How the First Judicial District is organized

The lecture also reaches beyond Coeur d’Alene because the First Judicial District is not limited to Kootenai County. Idaho law says the district consists of Boundary, Bonner, Kootenai, Shoshone and Benewah counties, with district judges assigned to serve there.

That structure gives local court decisions regional weight. Kootenai County is one of five counties in the district, and county coverage says its two main court buildings are in the courthouse complex at Government Way and Garden Avenue, which keeps the historic courthouse connected to current court operations. For people who use the system in any of those counties, the lecture is a chance to see how the district is organized and why the courthouse remains a working center of public life.

The emphasis on treatment court also signals that the system is broader than a single courtroom or a single judge. By including Reynolds, the program points to the ways local courts manage cases through programs that rely on coordination, accountability and long-term supervision rather than only formal proceedings.

Why the courthouse still carries civic weight

The courthouse centennial is being linked to a wider set of anniversaries in 2026, including America 250, Idaho’s 136th birthday, the 100th anniversary of the Idaho State Bar and the 50th anniversary of the Idaho District 1 Bar. That cluster of milestones is part of the point: the courthouse is being positioned as a place where local history, state legal development and national civic memory meet.
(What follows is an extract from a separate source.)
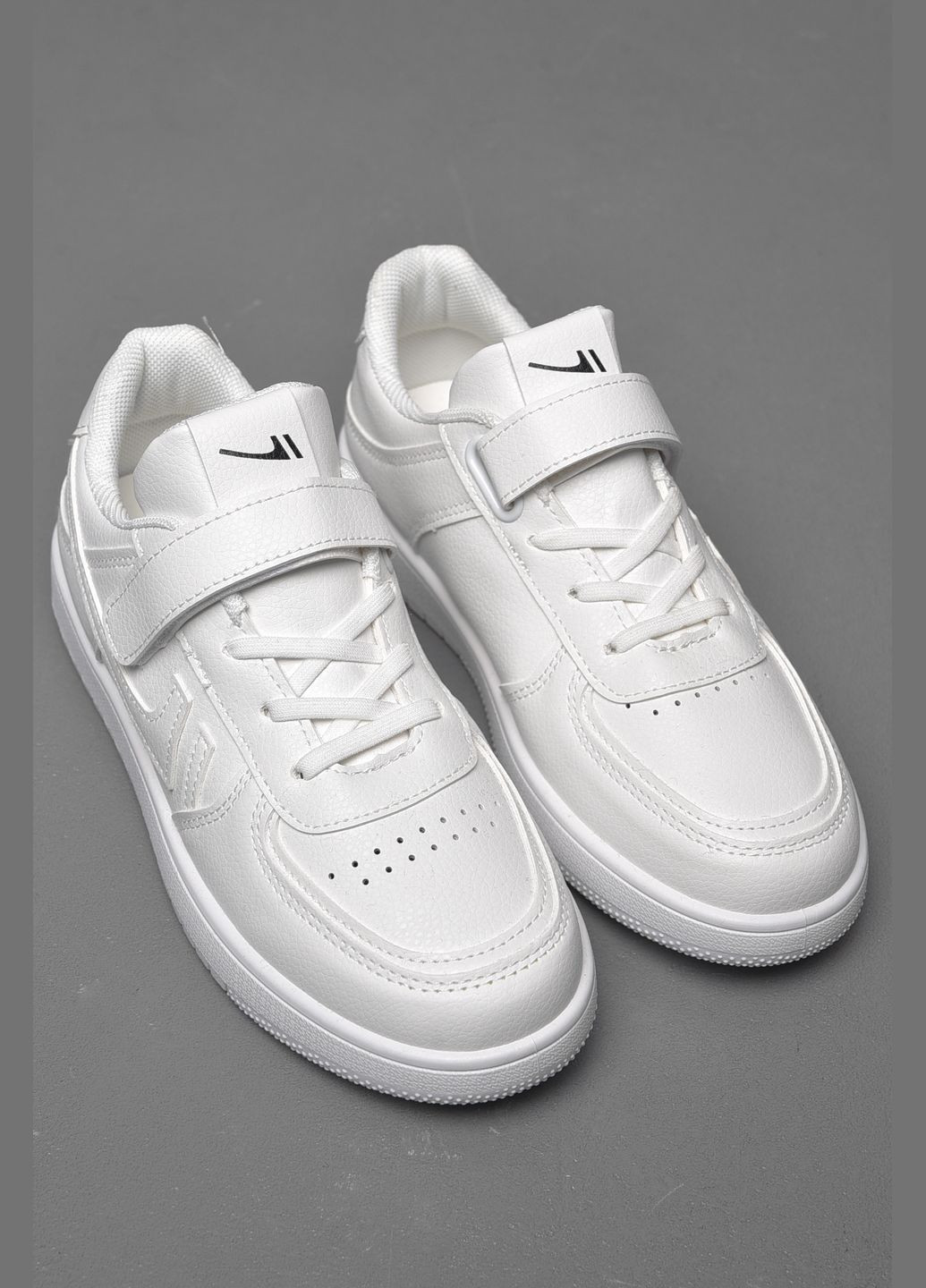 Білі осінні кросівки дитячі білого кольору на ліпучках Let's Shop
That idea will become visible again on Friday, July 3, when the community is expected to gather on the Kootenai County courthouse lawn for an America250 celebration. One of the centerpiece moments will be the unveiling and dedication of a 100-year time capsule, a reminder that the building has long been treated as a vessel for county memory as well as county government.

For residents, the enduring relevance is simple. The courthouse is not only where county history was made in 1926, but where the legal and civic decisions of today still take shape. A century later, the building at Government Way and Garden Avenue remains one of the clearest symbols of how Kootenai County governs itself, and the lecture series is asking the public to see that system up close.

This article was produced by Prism’s automated news system from verified source data, official records, and press releases, then run through automated quality and moderation checks before publishing. The system is built and supervised by the people who set the standards it runs under. Read our full AI policy.